**Exercise requirements:** Output nothing except the lines from the one containing "Barbara, jedna z" through the final line of the data, both included, typed exactly, minus the pictures.

**Data provided:**
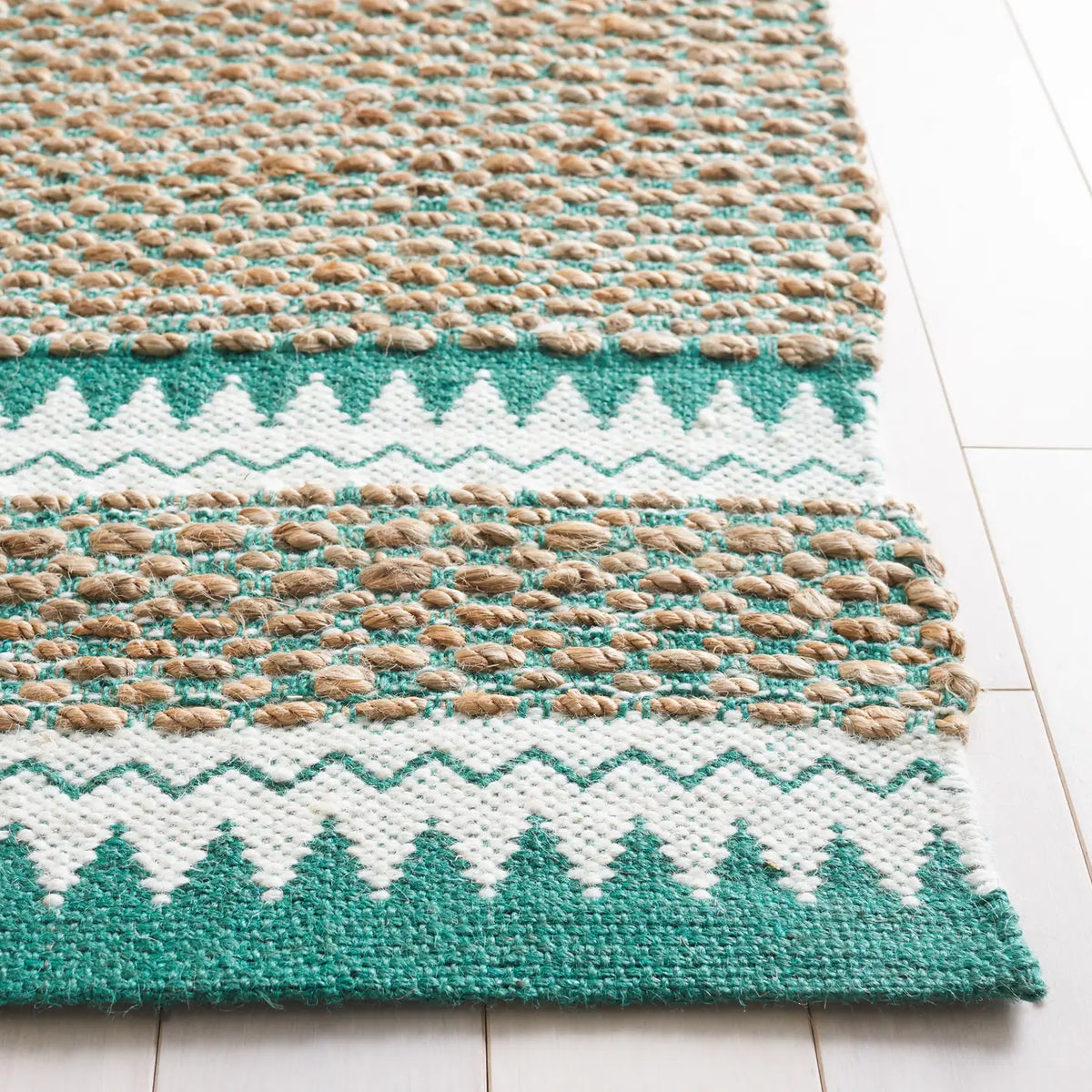 Safavieh Natural Fiber 4'-0" x 6'-0" Rug in Natural / Green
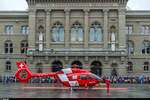 Der neue Helikopter der Schweizerischen Rettungsflugwacht REGA vom Typ H145 mit der Registrierung HB-ZQH wurde am 2.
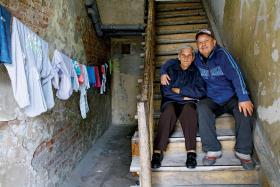 Barbara, jedna z trzech uczestniczek programu„Pelasia i przyjaciele” w telewizji podwórkowej, z sąsiadem Kazimierzem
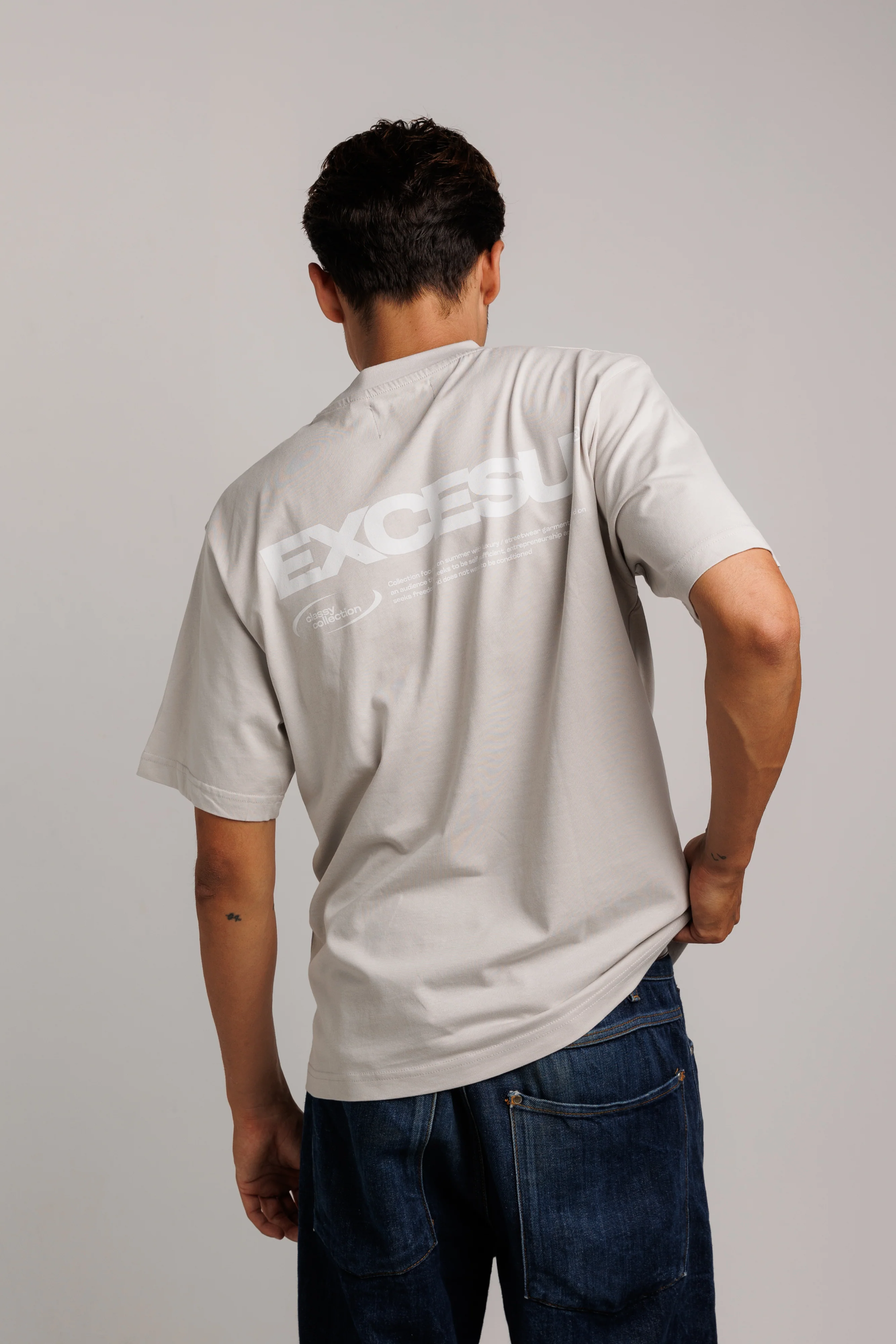Gray Oversized Star T-Shirt - Image 6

**Output:**
 Barbara, jedna z trzech uczestniczek programu„Pelasia i przyjaciele” w telewizji podwórkowej, z sąsiadem Kazimierzem
Gray Oversized Star T-Shirt - Image 6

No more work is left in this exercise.